[Available data Boundary: Start]

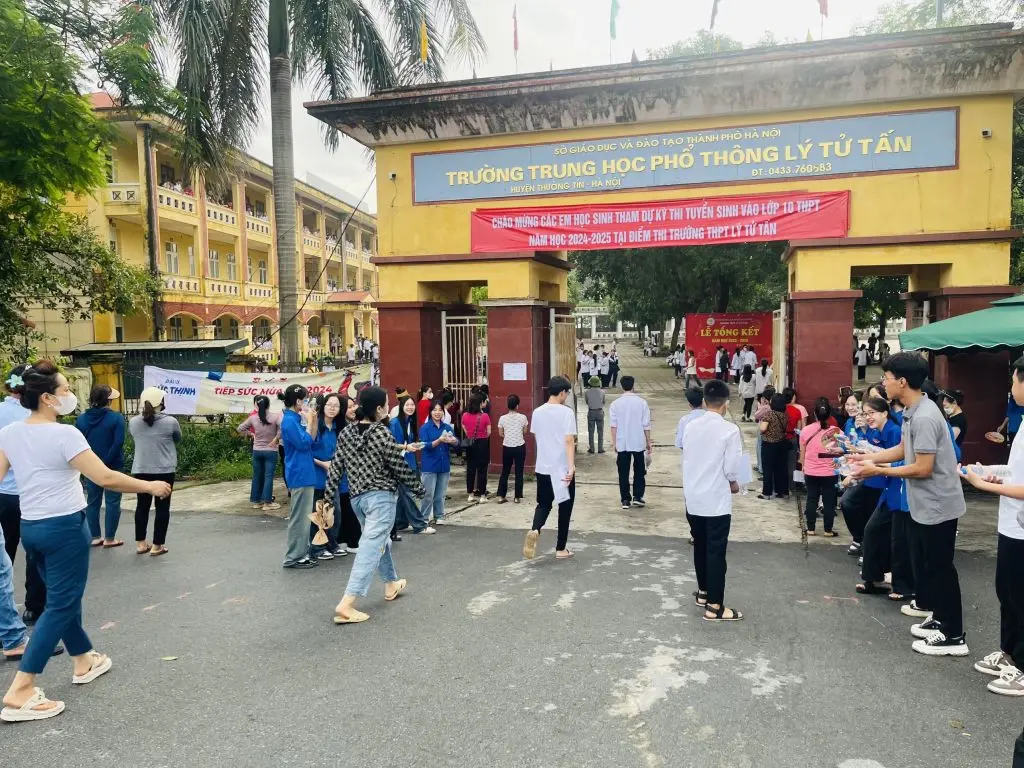 Tuổi trẻ CTECH ra quân chiến dịch 'Tiếp sức mùa thi' hè 2024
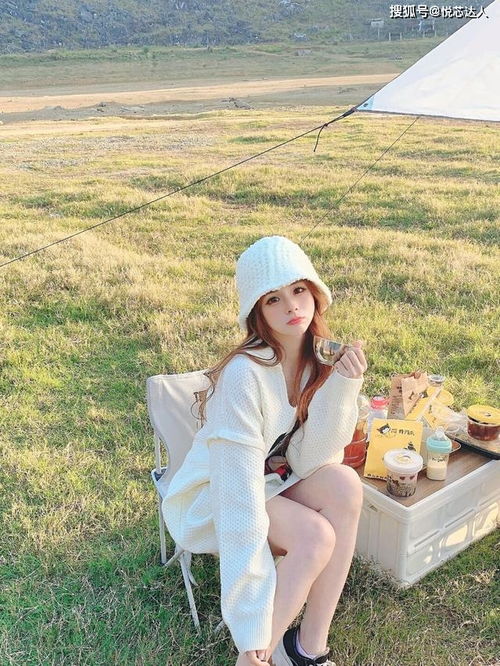 野餐时碰到的美女,穿一件卡通图案的米白色卫衣,有气质又可爱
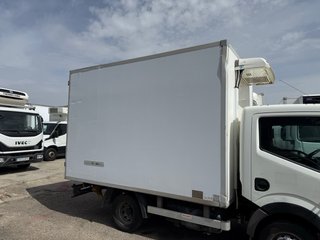 nissan cabstar carne colgada frigorifico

[Available data Boundary: End]

* _Instructions to follow_
The listing above should be repeated word for word, pictures removed.

* _Response box_
 Tuổi trẻ CTECH ra quân chiến dịch 'Tiếp sức mùa thi' hè 2024
 野餐时碰到的美女,穿一件卡通图案的米白色卫衣,有气质又可爱
 nissan cabstar carne colgada frigorifico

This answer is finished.